#### Exercise goal:
The output must be exactly the lines from the "Turine Apartamentos in Junín de los Andes" line through the end of the listing below, with no picture included.

#### Data extracts:
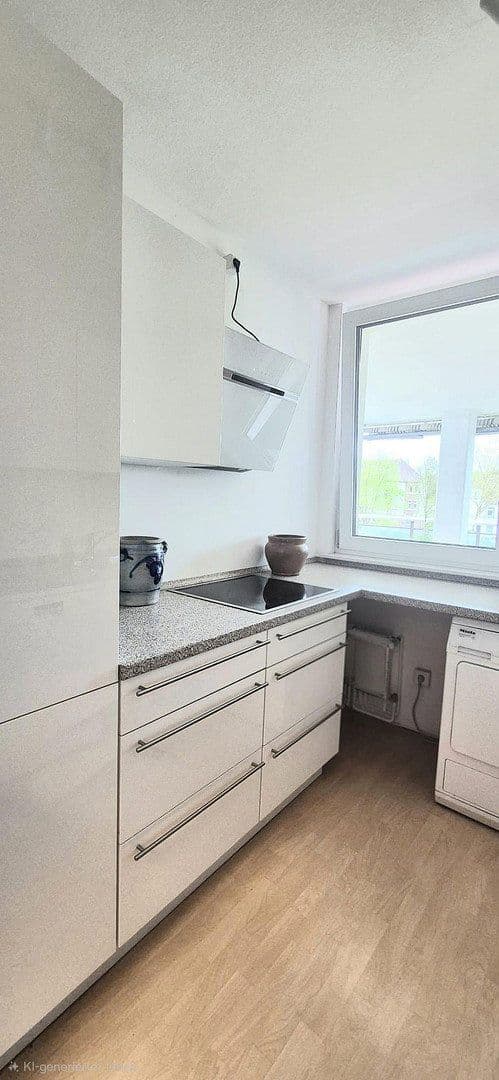 Predaj bytu 2-izbový 73 m², Essen, Severné Porýnie - Westfálsko Predaj bytu 2-izbový 73 m², Essen, Severné Porýnie - Westfálsko
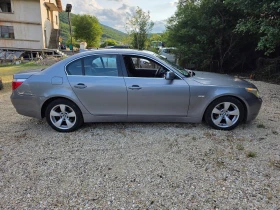 BMW 520 E 60 | Mobile.bg � ����� ������ 5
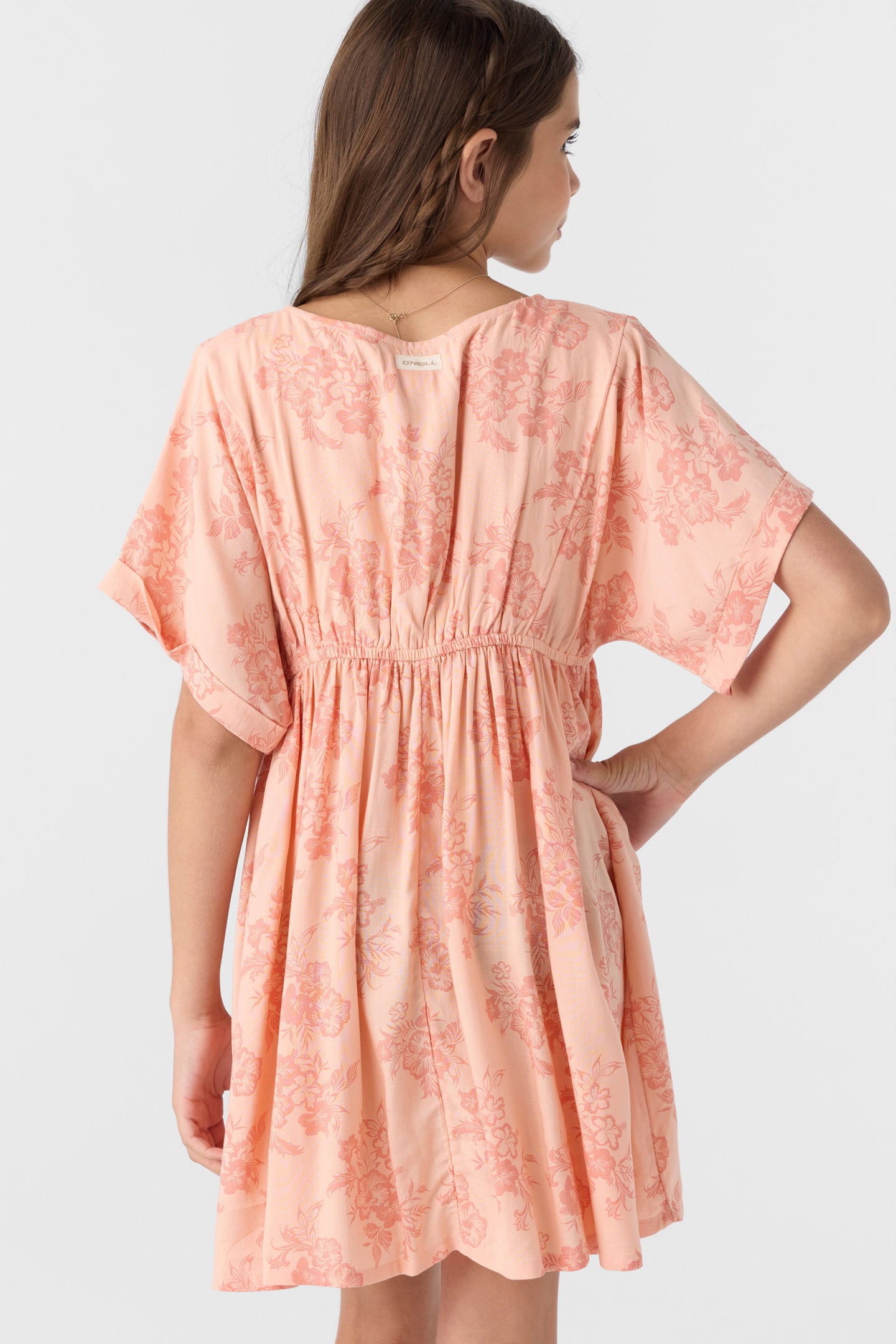 ROSEMARY DRESS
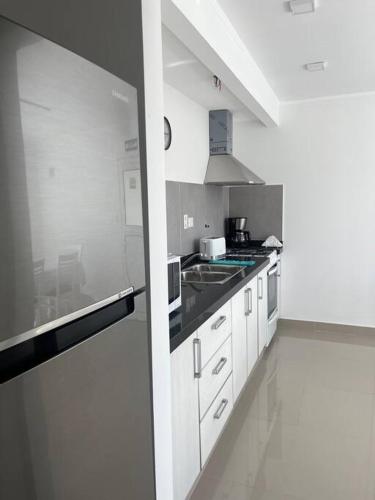 Turine Apartamentos in Junín de los Andes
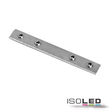 112551 Isoled Verbinder für Profile WING/XWAY, 180° Produktbild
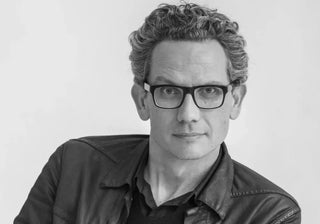 Explore Sebastian Bergne’s iconic designs—functional yet emotionally resonant objects that blend practicality with artistic expression. Buy now on SHOPDECOR®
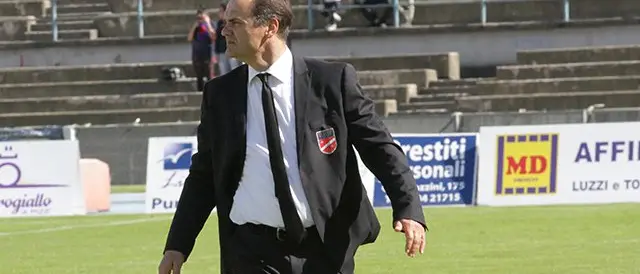 Mercato: Carretta e Montalto alla Cremonese. Vivarini in panchina ad Ascoli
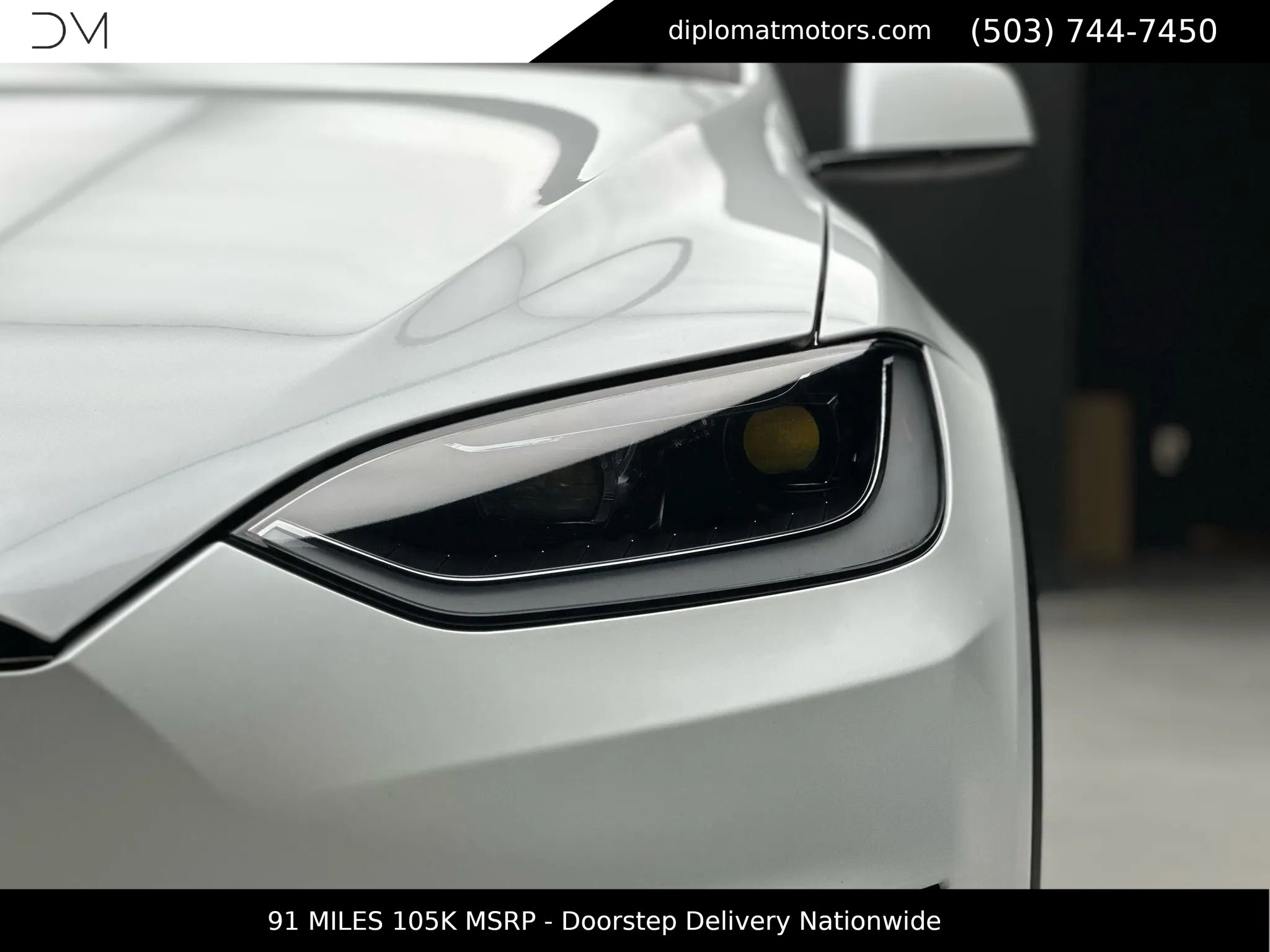 Used 2026 Tesla Model X image 12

#### Result:
 Turine Apartamentos in Junín de los Andes
 112551 Isoled Verbinder für Profile WING/XWAY, 180° Produktbild
 Explore Sebastian Bergne’s iconic designs—functional yet emotionally resonant objects that blend practicality with artistic expression. Buy now on SHOPDECOR®
 Mercato: Carretta e Montalto alla Cremonese. Vivarini in panchina ad Ascoli
 Used 2026 Tesla Model X image 12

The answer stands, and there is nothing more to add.